Recorded data
•••••
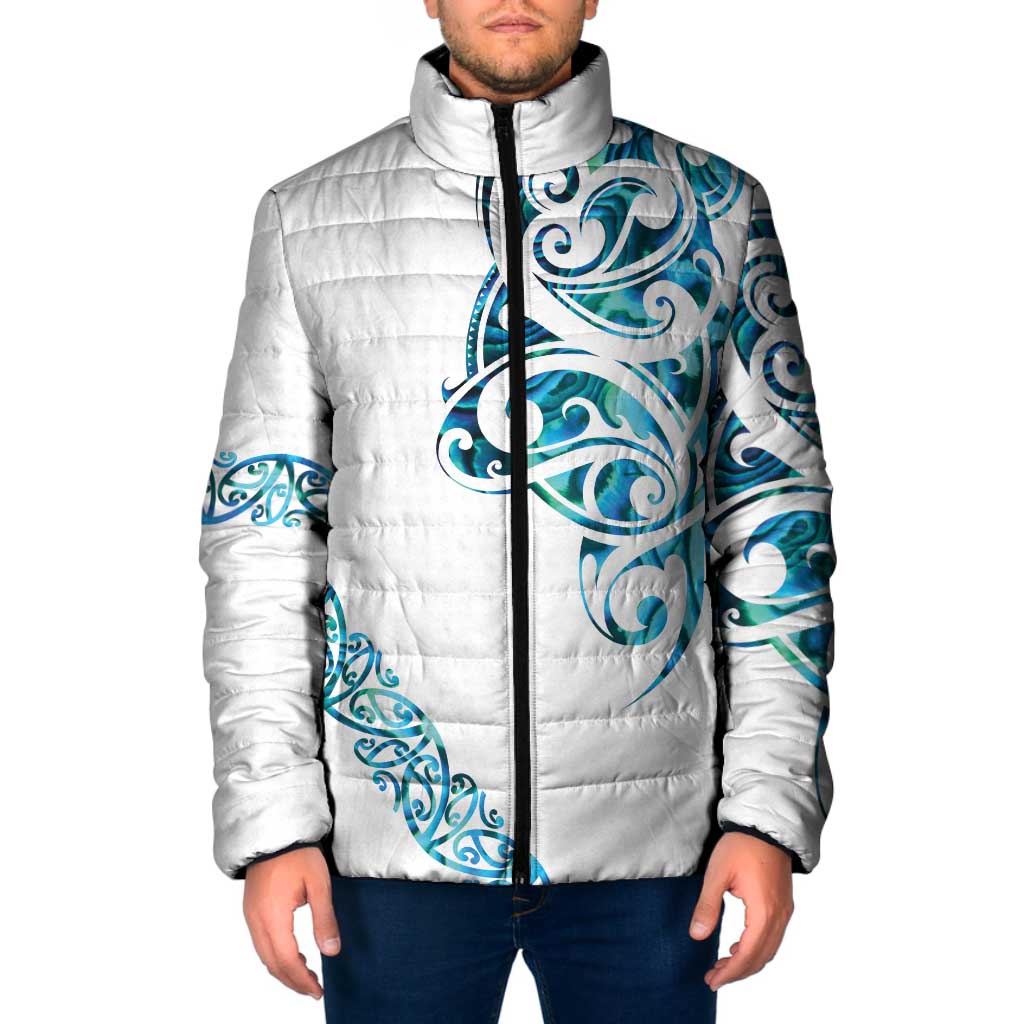All White Maori Tribal Tattoo Personalised Padded Jacket Polynesian Style LT9 Men White - Polynesian Pride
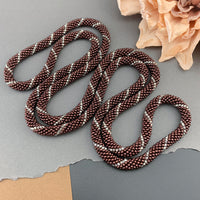 45" Spiral Pattern Beaded Crochet Rope Necklace - Silk Dark Copper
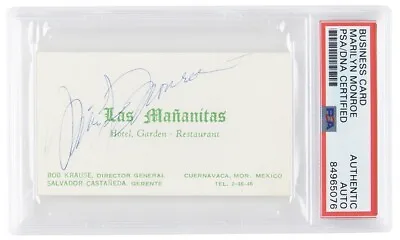 Marilyn Monroe Signed Autographed Business Card MEXICO 1962 PSA/DNA SLABBED • $24995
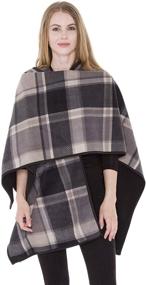 img 3 attached to Womens Winter Button Fleece Poncho Women's Accessories in Scarves & Wraps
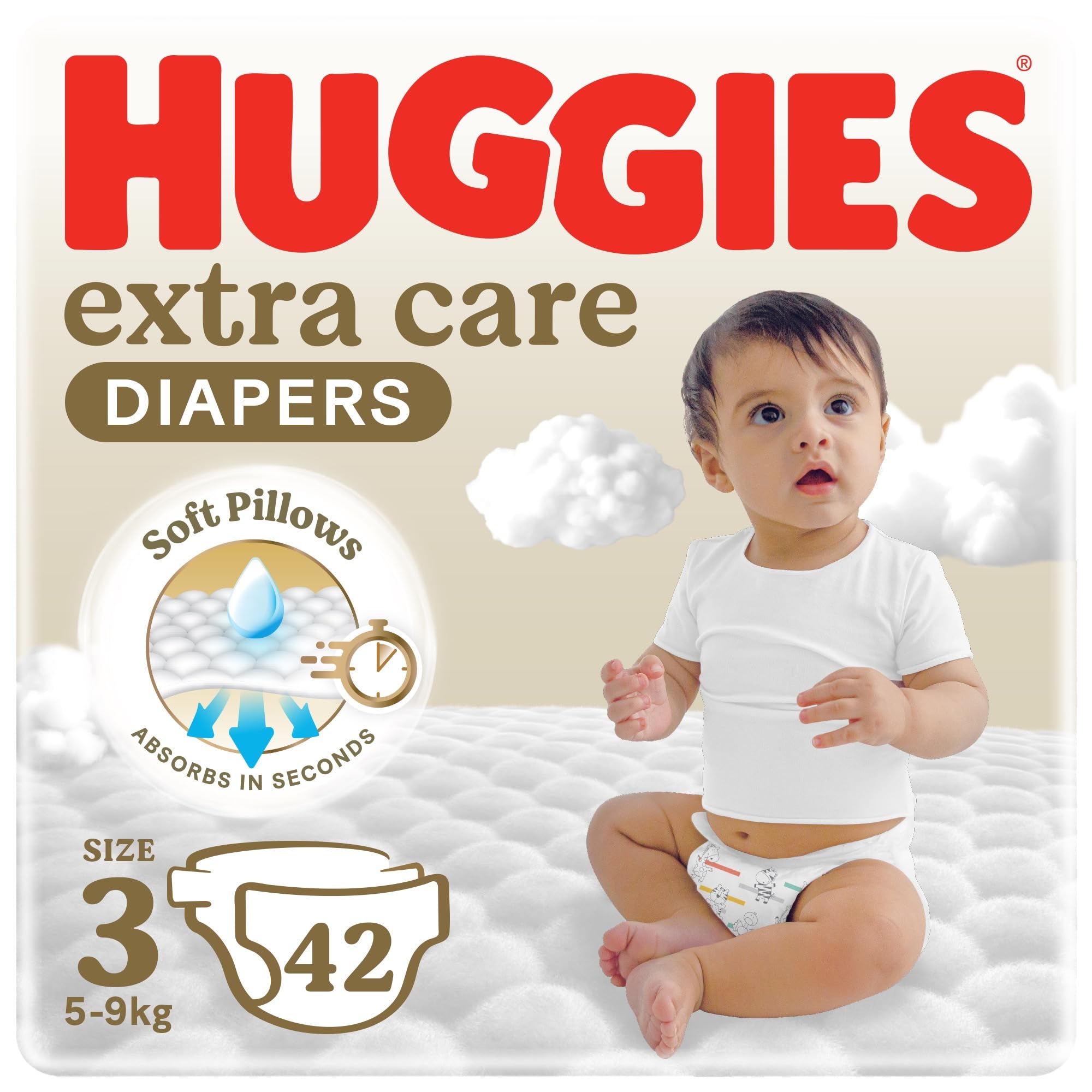 Huggies Extra Care Size 3 Baby Diapers Value Pack, 42 Count – Soft Absorbent Nappies with Wetness Indicator & Breathable Cover for Sitting & Crawling Babies (4-9 kg)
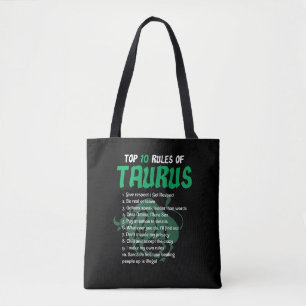 10 Regler av Taurus Zodiac Birthday Gift Tygkasse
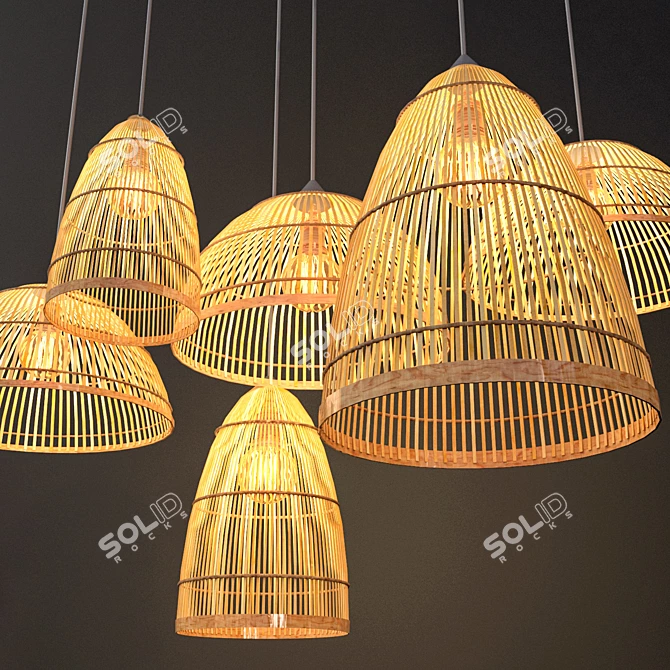  Rattan Lights Set: Stylish and Versatile 3D model image 2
•••••
→ What this task involves:
Transcribe, word for word, the line holding "Silk Dark Copper" and all lines after it in the entries above, ending with the last. Only those lines; no pictures.

→ Expected answer:
 45" Spiral Pattern Beaded Crochet Rope Necklace - Silk Dark Copper
 Marilyn Monroe Signed Autographed Business Card MEXICO 1962 PSA/DNA SLABBED • $24995
 img 3 attached to Womens Winter Button Fleece Poncho Women's Accessories in Scarves & Wraps
 Huggies Extra Care Size 3 Baby Diapers Value Pack, 42 Count – Soft Absorbent Nappies with Wetness Indicator & Breathable Cover for Sitting & Crawling Babies (4-9 kg)
 10 Regler av Taurus Zodiac Birthday Gift Tygkasse
  Rattan Lights Set: Stylish and Versatile 3D model image 2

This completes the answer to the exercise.